We conducted an SLR on guidance in software modelling. Using two search strings (S1 and S2) and snowballing, we extracted 35 papers out of 80051 for full-text reading.

We find that terminologies are used arbitrary and inconsistently, and that little empirically validated modelling guidance exists. Existing papers use different dimensions to provide guidance for modellers, often in the form of prescribing which diagrams/notations to use, which views/perspectives to model, how to decompose or refine a model of a system, or by providing best practices or anti-patterns. In the BPM community, cognition has been explicitly considered as an important aspect of the modelling process. However, our results show that we lack similar work outside the BPM community.

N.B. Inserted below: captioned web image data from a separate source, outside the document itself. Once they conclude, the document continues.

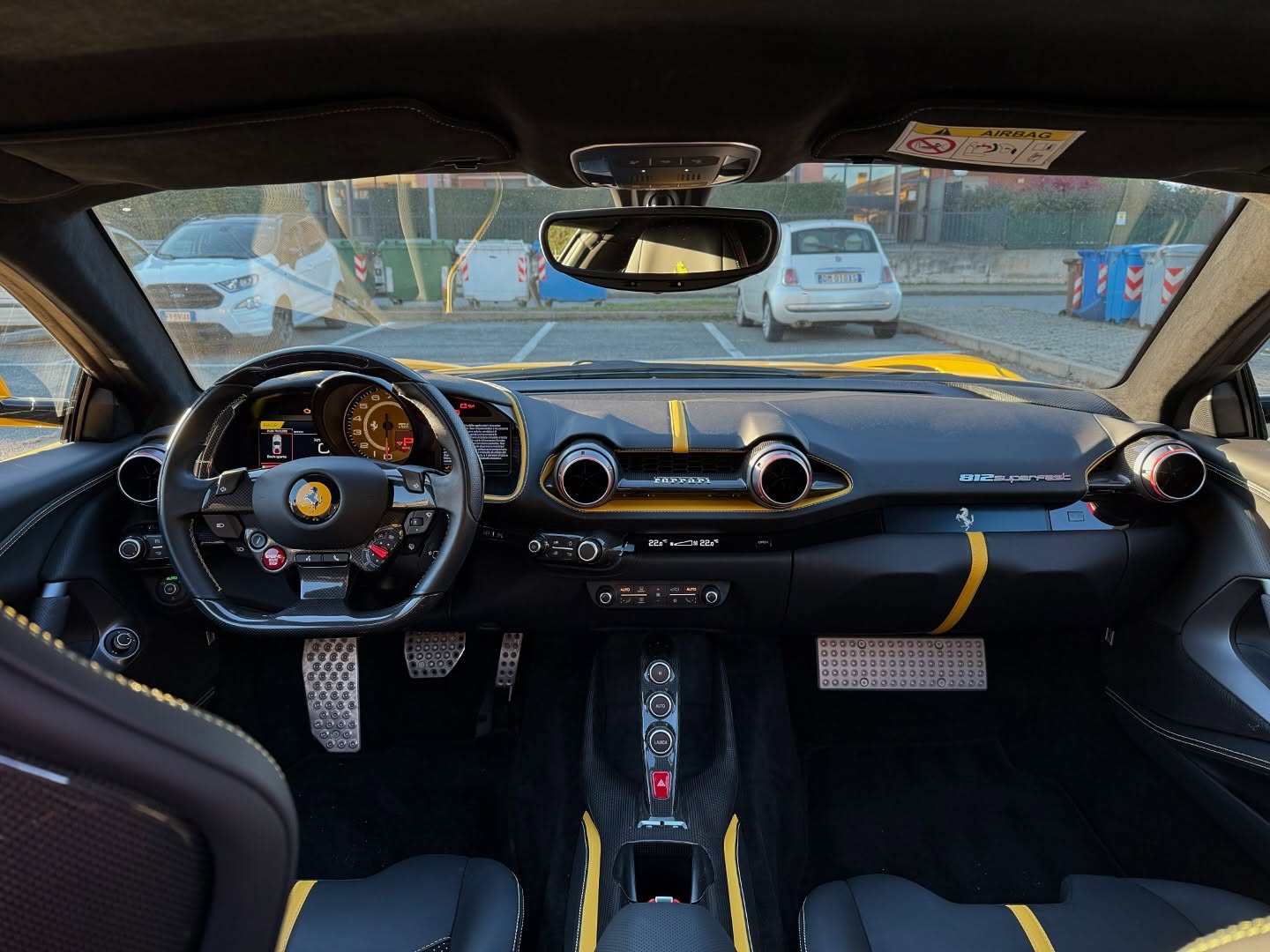 FERRARI 812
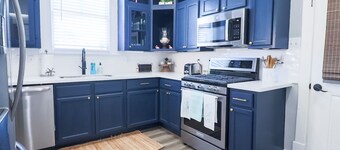 Vibrant Bungalow 2 Minutes to the Beach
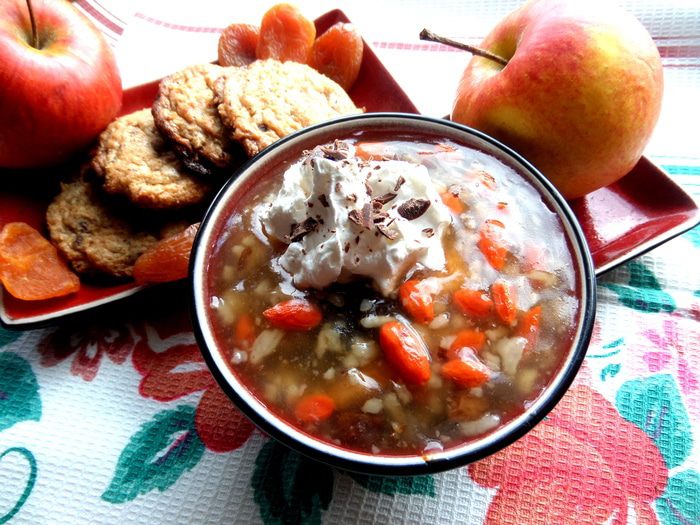 Сладкий суп с рисом, фруктами и ягодами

Our results help researchers by highlighting gaps in research, e.g. on cognition in software modelling. The link to research in BPM clearly highlights differences in this direction, that could be picked up by modelling researchers in future work. Thus, we believe future work should explicitly consider cognition when creating models, and design guidance and tooling accordingly. This work should be multi-disciplinary, including researchers from, e.g. Psychology.Furthermore, to address the lack of consistent terminology, we provide definitions for modelling guidelines, methods, and styles. These definitions help to clearly articulate modelling guidance in future work. We believe this is an important step in order to ensure a greater clarity of research results in the community. One clear result from our study is that empirical validation is lacking. Hence, it is important to address this in future work and indeed validate proposed modelling guidance.

Table 8 Selected papers from snowballing set
Table 9 Selected papers from search_S2

For modelling practitioners, our results show the possible forms modelling guidance can take. Thus, it serves as an inspiration on how engineers can be supported when creating and maintaining models for different purposes, e.g. for formal analyses, increased understandability of models, or communication among stakeholders.